Since the arrival of a mysterious metal disk in 1947 in this small town in New Mexico, accusations of government cover-ups have fuelled intrigue and speculation from the small, yet vocal community of extra-terrestrial enthusiasts.
Whether you’re a believer, a nay-sayer or simply a lover of kitsch paraphernalia, Roswell’s alien-themed streets and museum are a must-see as one of the most-hyped mysteries of modern-day.
Great Pyramids of Giza, Egypt
The only Seven Wonders of the Ancient World left standing, the Great Pyramid of Giza has intrigued and mystified for centuries.

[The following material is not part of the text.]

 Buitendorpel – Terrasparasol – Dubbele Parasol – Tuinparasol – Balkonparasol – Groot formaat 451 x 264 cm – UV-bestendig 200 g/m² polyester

Constructed as elaborate tombstones and monuments for the old pharaohs past, the pyramids still confound historians due to the sheer task and technique involved in stacking the two tonne stones into what were the tallest manmade structures in the world for over 3,800 years. And the meaning of the instantly recognisable Sphinx, sculpted from one smooth stone, is still unknown.
Experiencing a sunrise at the pyramids is a once in a lifetime sight – and you can’t help but wonder at the seemingly superhuman feats of the awe-inspiring ancient civilisation.
Easter Island, Chile
Floating more than 2000 kilometres away from the nearest land and surrounded by its silent and hauntingly eerie stone guardians, the moai, the land and legends of Easter Island have long been shrouded in mystery.
The moai, with their instantly recognisable chiselled brows, sparse features and short torsos, cast a sombre and silent air across the island – some tower high, scowling at the horizon, while other lie broken on the grassy hillsides. Like Stonehenge, the sheer logistics of how the ancient people managed to move these colossal sculpted stones – with some weighing over 80 tonnes and rising to over 20 metres tall – to their final resting places is mind-boggling.
With an untraceable ancestry that has advanced in extreme isolation, the mythology and traditions that have forged the island’s history are unlike any other in the world. From the stony sculptures, to ancient superstitions, aged temples and half-remembered stories, Easter Island is an eerie place – and a mecca for curious culturists.
Chichen Itza, Mexico
Rising above the ruins of Chichen Itza is the 365-step pyramid which marks the days of the Mayan calendar.
The dates set by the Mayans still transfix people today, with frenzied speculation in the lead up to their end of the world predictions. And even sceptics will be hard-pressed not to be impressed by the shadow serpent that slithers up and down El Castillo’s staircase at each equinox.
The old capital of the Mayan empire, home to the Toltec history of bloodied human sacrifices and adorned with mystifying carvings, is an intriguing place to say the least.
Humans have been fascinated by blood-sucking vampires long before ‘Twilight’ hit the scene. In fact, they’ve been traipsing around Transylvania – a small and spooky district in Romania – in search of its famous resident vampire Dracula, for over a century.
Bram Stoker’s 1897 novel ‘Dracula’ launched the legend of the nocturnal blood-lusting Count, which is said to be based loosely on the life of Vlad the Impaler, the vicious prince of Vlad who had a penchant for killing his victims using wooden stakes.
Unravel the myth of Vlad, from the haunting 14th-century Bran Castle he inhabited to the isolated Snagov Monastery, which is said to be his final resting place.
Even if you don’t believe in vampires, Transylvania - with its dense forests, mist-shrouded mountains and gothic architecture – seems to be teeming with eerie secrets and hidden pasts.